# Would Grease Work in a Honda HS50 Auger Tranny?



## orangputeh (Nov 24, 2016)

Those of you who have a Honda HS50 snowblower know that the auger gearbox is a closed system and does not have a drain/fill plug like all other Honda snowblowers.

I have a HS50 and was thinking if it would be okay to install a grease zerk and just pump in some grease for this gear case? I think it calls for 75-90W oil but wonder if grease would also work.

The only way to determine if there is any oil in this gearbox is to dismantle it. This machine is 35 years old plus and have no idea if seals have leaked out oil over the years.
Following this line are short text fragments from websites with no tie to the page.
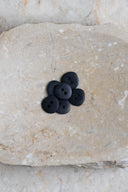 Another close-up of the buttons on the marbled beige stone, from a different angle.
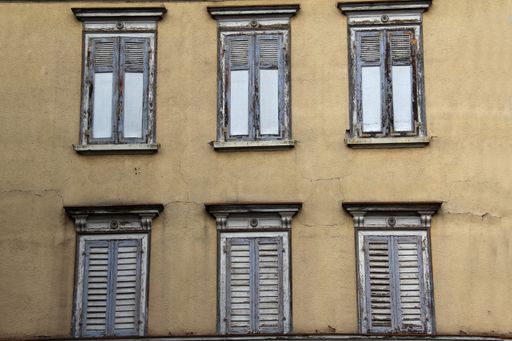 A low angle shot of closed windows on an old building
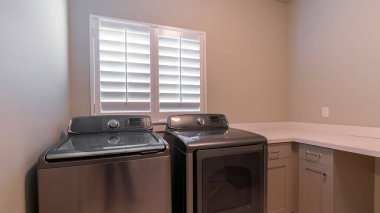 Çamaşırhanede panorama metalik çamaşır makinesi ve kurutucu.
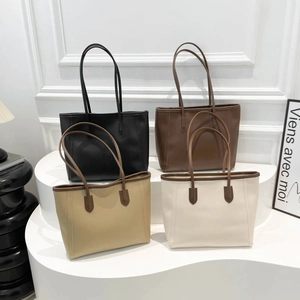 Minimalist leather tote bags in black, brown, and cream colors shown on a white background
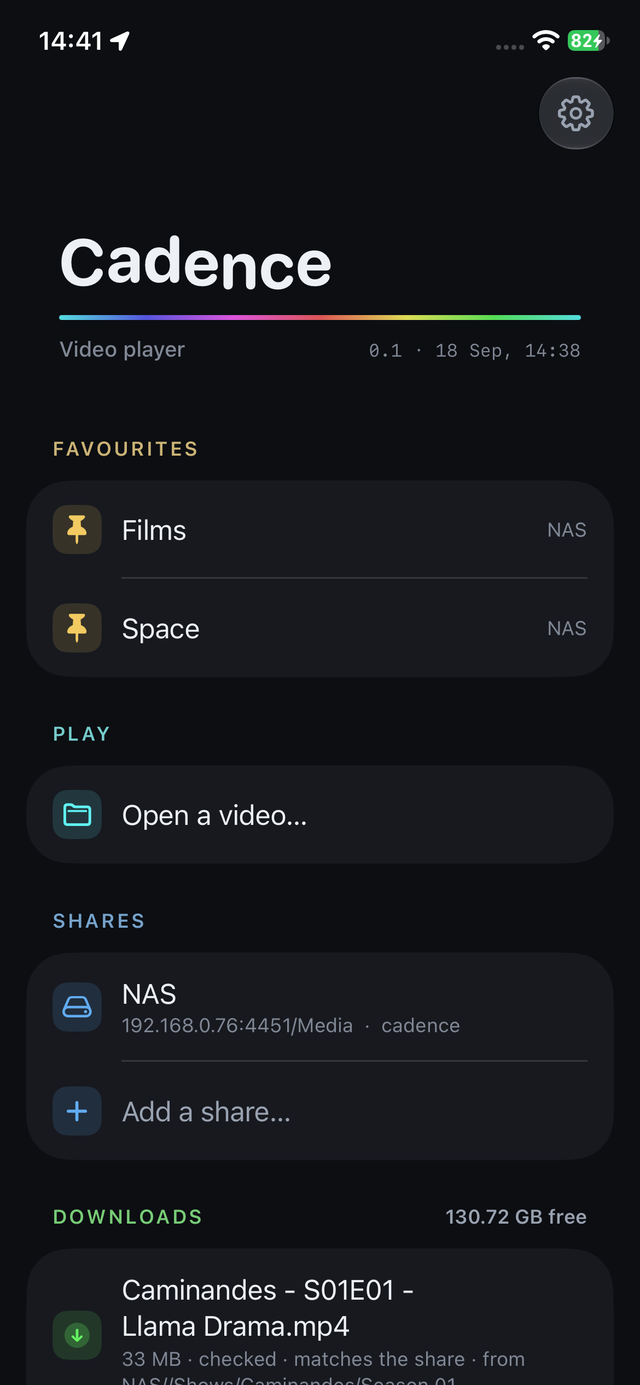 Cadence on an iPhone: the front page, with pinned folders, a download on its way and recent films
I see that the seals are still available but just wondering if i can use grease instead.

Thanks in advance for your input.

???


----------



## nwcove (Mar 2, 2015)

should be no issues with using some 00 grease, but i would also drill and tap a vent hole to open when you fill it. put a plug in the vent hole when filled . 
with no vent and a zerk, you run a strong risk of blowing out the seals


----------



## 2.137269 (Nov 15, 2019)

i wouldn't. if it calls from gear oil than it most likely has needle bearings inside and the grease won't get to them . 
if it's apart for seals why not drill and tap for a 1/8th npt fill and drain dead bottom and about 1/2 way up


----------



## YSHSfan (Jun 25, 2014)

I’m not that familiar with the older HS series, but perhaps it has only one (drain/fill) plug at the bottom (like older Yamahas do)?
If that’s the case you drain them as usual but fill them in ‘service position’


----------



## orangputeh (Nov 24, 2016)

YSHSfan said:


> I’m not that familiar with the older HS series, but perhaps it has only one (drain/fill) plug at the bottom (like older Yamahas do)?
> If that’s the case you drain them as usual but fill them in ‘service position’


on the 50 it is a completely closed unit. fortunately Honda improved on the design in all later models with drain/fill plugs.


----------